To configure the Bus members, do the following:

  1. Select Service integration > Buses.

  2. Click the IBASampleBus created in the previous section.

  3. Under Additional Properties, click Bus members.

  4. Click Add.

  5. The default Bus member name is the <hostnameNode:server>. For example, our Bus name is RADNode:server1. Accept the defaults for the remaining fields and click Next.

    New Bus member

  6. Click Finish.

    Bus member

  7. Click Save and then when prompted click Save to Save to Master Configuration.

Configure the destinations

To configure the destinations for messaging, do the following:

  1. Select Service integration > Buses.

  2. Click the IBASampleBus.

  3. Under Additional Properties, click Destinations.

  4. Click New.

  5. When the Create new destination page appears, select Queue and then click Next.

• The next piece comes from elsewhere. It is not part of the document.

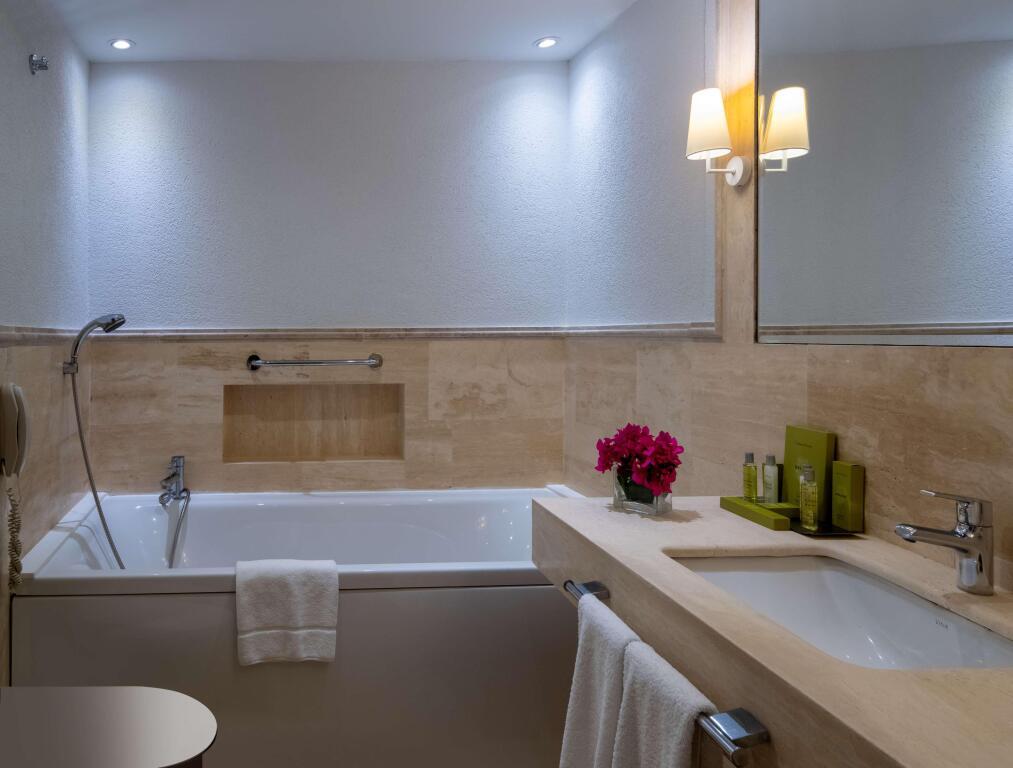 Бодрум: DoubleTree by Hilton Bodrum Marina Vista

    Create new destination

  6. Enter the Identifier. In our example we entered IBASampleQueue. Click Next.

    Bus Identifier

  7. Select the Bus member we created before (for example, RADNode:server1) and then click Next.

    Select Bus member

  8. Click Finish.

    New destination

  9. Click Save and then when prompted click Save to Save to Master Configuration.

  10. Log out of the WebSphere Administrative Console.

  11. In order for the changes to take effect, you must restart the application server, in this case server1.

    1. Stop the server1 application server by clicking Start > Programs > IBM WebSphere > Application Server V6 > Profiles > default > Stop server. Alternatively, use the stopServer.bat server1 command.

    2. Start the server1 application server: startServer.bat server1

Verify the messaging engine startup

A messaging engine is a server component that provides the core messaging function of a service integration bus. A messaging engine manages bus resources and allows applications to communicate with the bus.

Each messaging engine is associated with a server that has been added as a member of a bus. When you add an application server as a bus member, a messaging engine is automatically created for this new member. If you add the same server as a member of multiple buses, the server is associated with multiple messaging engines (one messaging engine for each bus). However, in its simplest form a bus can be realized by a single engine.

Messaging engines are given a name, which is based on the name of the bus member. Each messaging engine also has a universal unique identifier (UUID) which provides a unique identity for the messaging engine. If you delete and recreate a messaging engine, it will have a different UUID and will not be recognized by the bus as the same engine, even though it may have the same name. For example, the recreated messaging engine will not be able to access the data store that the earlier instance used. If you accidentally delete a messaging engine configuration, and save the updated incorrect configuration, you must restore the configuration from a previous configuration backup.

Each messaging engine has its own data store. A messaging engine uses an instance of a JDBC data source to interact with the database that contains the data store for that messaging engine.

You can stop messaging engines using different mechanisms and with different degrees of urgency. Stopping a messaging engine prevents it from sending any messages.

To verify the messaging engine startup, do the following:

  1. Ensure the server1 application server has been restarted.

  2. Start the WebSphere Administrative Console.

  3. Select Service integration > Buses.

  4. Click IBASampleBus.

  5. Under Additional Properties, click Messaging engines.

  6. You should see the green arrow under Status to note the RADNode.server1-IBASampleBus Messaging Engine has been started.